Es posible que nunca trascienda las listas de filmes de culto que se deben a su propia leyenda (cuatro décadas ha necesitado para culminarla), pero una película así, tan desbordante y desbordada, debe conservarse en paños de oro, verse y reverse hasta la saciedad, aunque sea como testimonio de un arte que, a pesar de la tiranía de la monoforma y los algoritmos, aún puede sacudir sus propios cimientos y desestabilizar nuestra mirada.
Furiosa
Varias cosas nos gustan de la revitalización que George Miller ha emprendido en el siglo XXI de su legendaria saga Mad Max. Y Furiosa, la segunda de estas nuevas entregas estrenada fuera de concurso en Cannes, que se proclama secuela de la primera –al relatar el arco biográfico desde la infancia de la heroína de Mad Max: Furia en la carretera (2015)– reúne todas ellas.

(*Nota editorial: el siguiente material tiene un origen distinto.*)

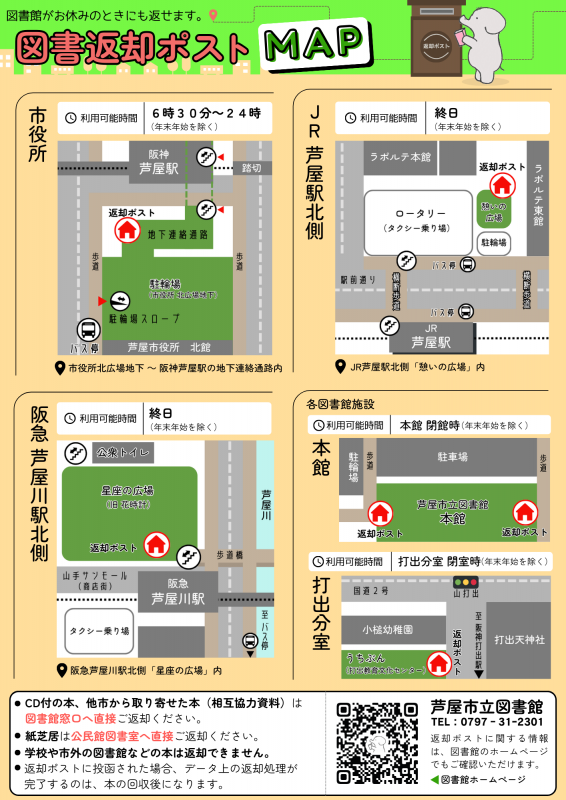 図書返却ポストMAP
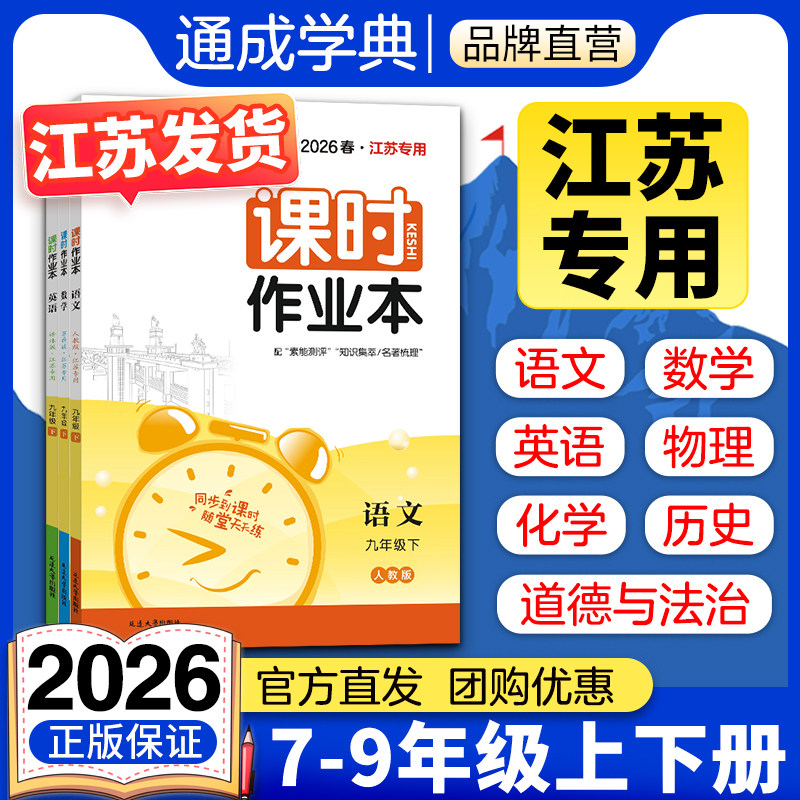 【江苏专用】2026秋初中课时作业本通成学典南通专用七八九年级上下册语文数学英语物理化学历史道德与法治人教同步教材练习册试卷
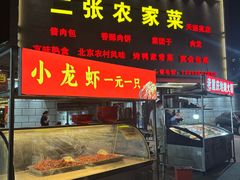 -二张农家菜(天通苑店)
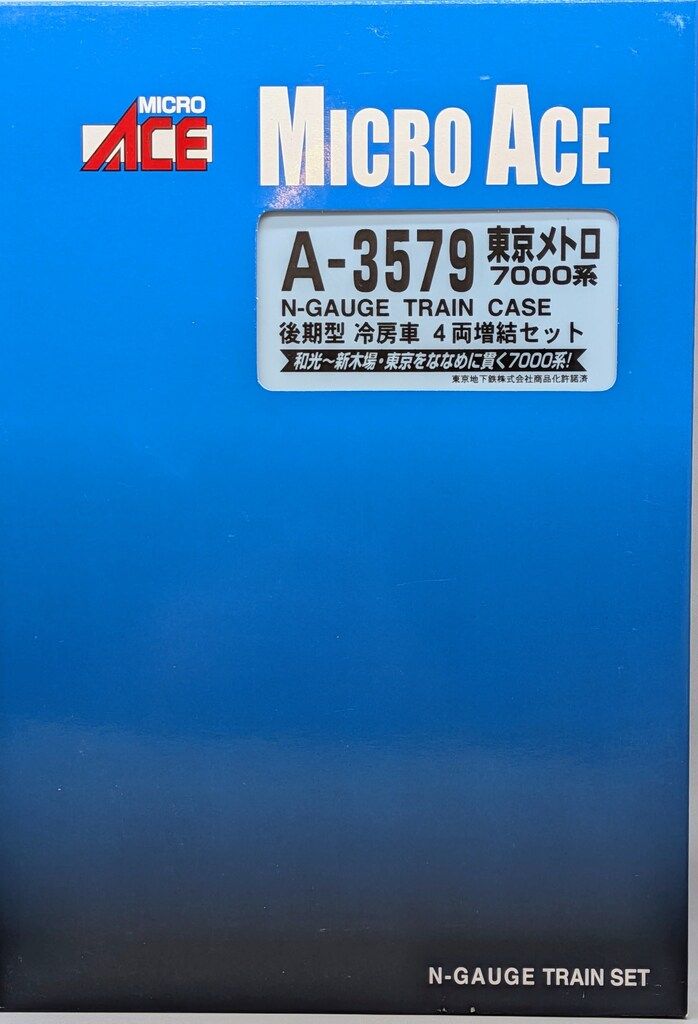 マイクロエース Nゲージ 東京メトロ7000系 後期型 冷房車 4両増結セット A3579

Un salvajismo y una crudeza casi pre-digital que no entran en colisión con la sofisticación tecnológica de los efectos especiales, una capacidad para generar una mitología épica que crece y no se desinfla con cada aproximación, y desde luego el irrefrenable y frenético pathos que propulsa la acción y su narrativa en un perfecto equilibrio entre la sucesión de espectaculares action pieces y la construcción de un relato emocional.

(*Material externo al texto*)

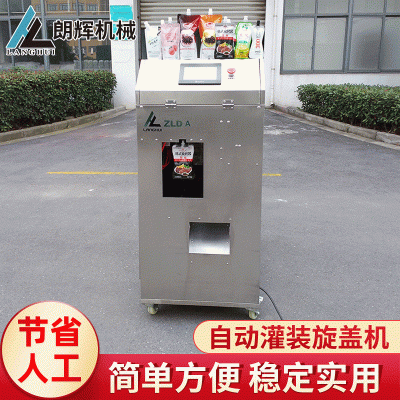 灌裝旋蓋包裝機(jī)自動袋裝水番茄醬吸吸果凍豆?jié){吸嘴袋洗衣液自立袋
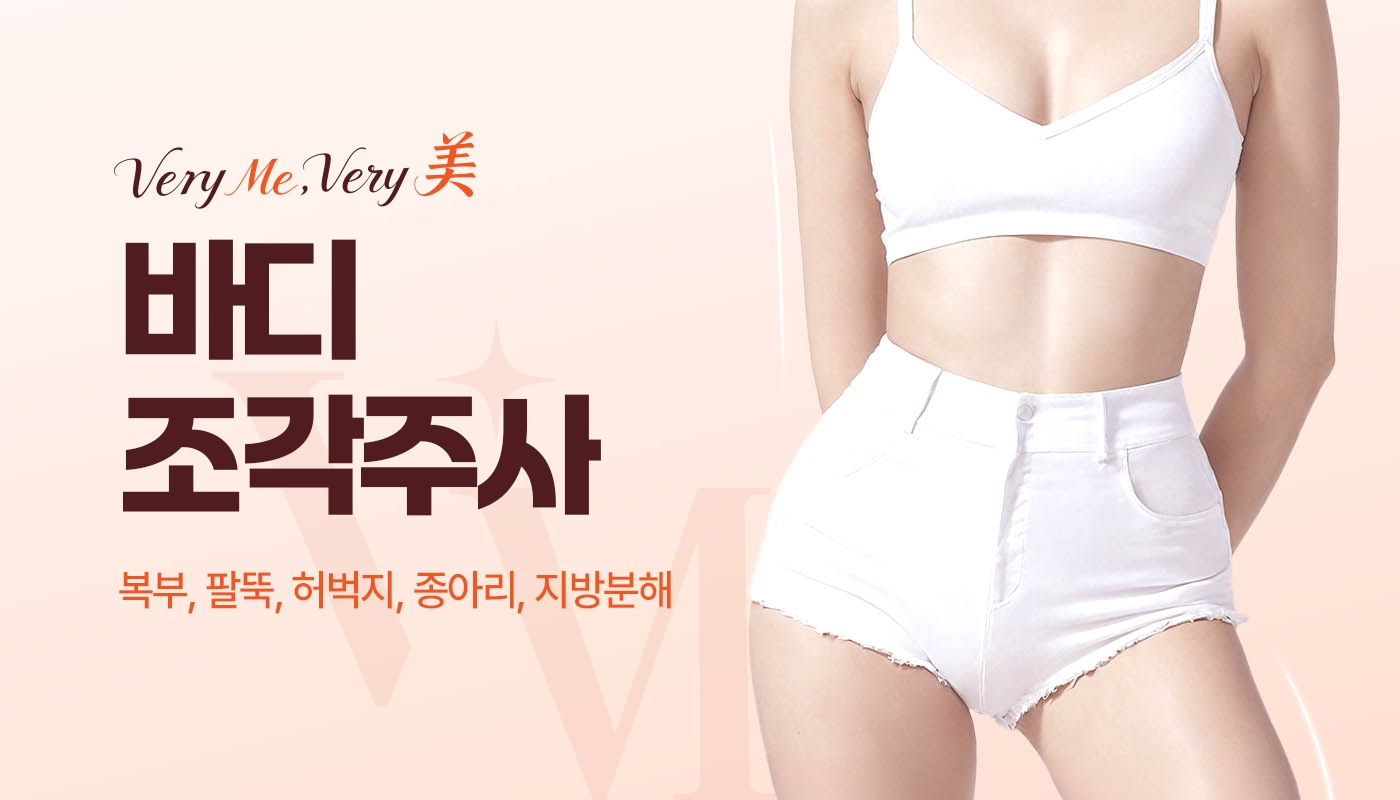 바디 조각주사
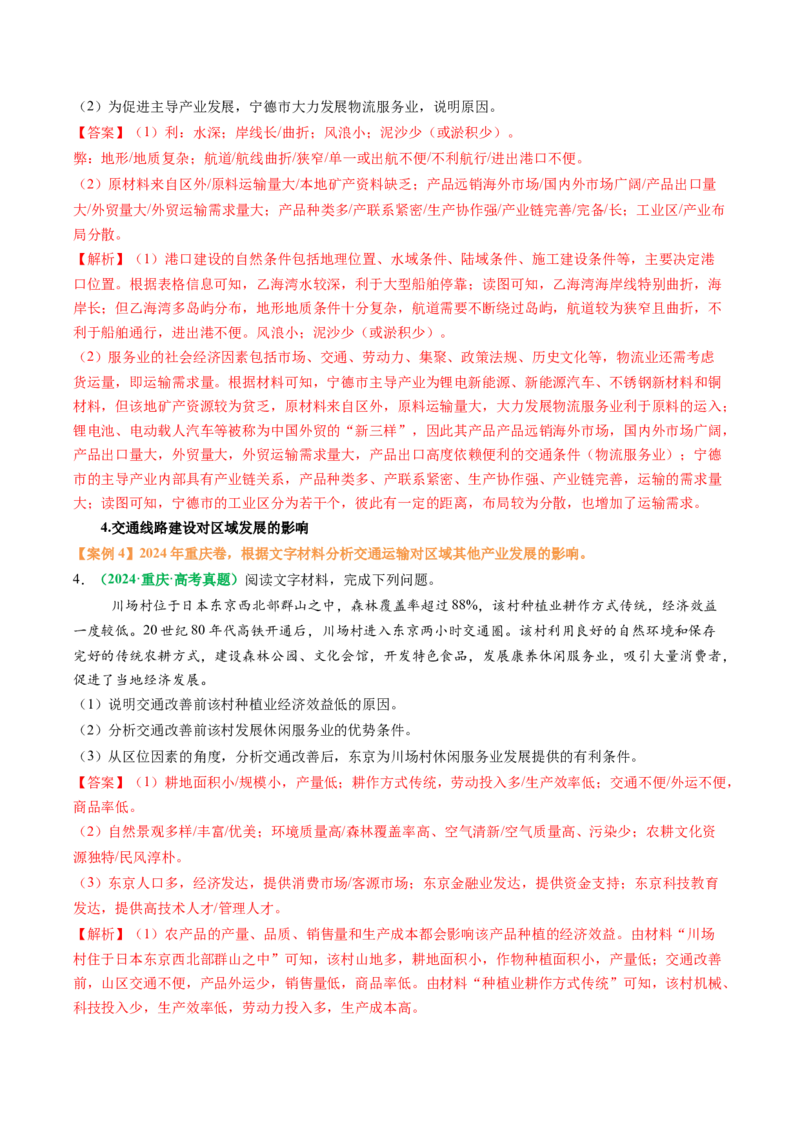 专题26交通布局的影响因素及交通对区域发展的影响描述方法与技巧（解析版）_2025年新高考资料_二轮复习_01高考语文等多个文件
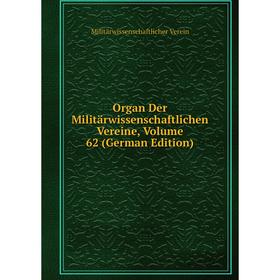 

Книга Organ Der Militärwissenschaftlichen Vereine, Volume 62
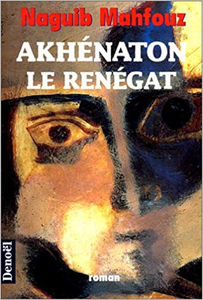 Akhénaton le renégat - Naguib Mahfouz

Con dos horas y media de duración, el cineasta australiano le tiene el pulso perfectamente medido a su criatura. Transporta al espectador esta vez en una crónica de venganza a bordo de vehículos que cruzan en línea recta, sin detenerse nunca, el desierto hacia el sueño de una ciudad de la abundancia que siempre se resiste a hacer aparición en el marasmo distópico y polvoriento, con olor a gasolina y sangre, de una humanidad embrutecida, desesperada y esclavizada tras el cataclismo medioambiental.

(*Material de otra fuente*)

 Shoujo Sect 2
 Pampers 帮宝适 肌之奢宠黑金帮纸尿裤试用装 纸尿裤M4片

Con muy pocos elementos, con un paisaje monocorde y de horizonte infinito, como un proyectil cruzando el vértigo siempre en tensión de la pantalla, Furiosa navega en esa fluctuante contradicción entre lo mínimo y lo barroco, la austeridad y el exceso, lo sublime y lo grotesco, como si uno contuviera al otro y viceversa. Cine en perpetum mobile, cine que reivindica el placer primitivo del montaje de atracción sin embriagarse del CGI que crea mundos artificiales, superheroicos, imposibles de habitar.
['Mad Max: Fury Road', el paraíso era un desierto]
El relato en cinco capítulos arranca con el secuestro de Furiosa cuando es niña, desposeída de su hogar y su familia, y tras diversos avatares (hasta se hace pasar por un niño) y escenarios (el filme visita las tres fortalezas del desierto: Citadel, Gastown y Bullet Farm) termina allí donde empezaba la entrega precedente, convertida en Imperator Furiosa. De hecho, los créditos de Furiosa se ofrecen como compendio concentrado de lo que vimos en Furia en la carretera.
Varios años en el tiempo en los que las actrices Alyla Brown (de niña) y Anya Taylor-Joy (de joven) dan vida respectivamente a la heroína inconografiada por Charlize Theron, que volverá a tomar el relevo en la tercera parte.
Es una entrega-bisagra que sin embargo no da la sensación de relleno. Dos convincentes villanos en la función, Dr. Dementus (gran Chris Henworth) e Inmmortan Joe (Lachy Hulme), adquieren una estatura acorde con la épica del relato, que cruza mitología griega, la poética del peplum y la atmósfera post-punk de un planeta mucho más allá del nihilismo, absolutamente hobbesiano, atrapado entre dos imperios postapocalípticos.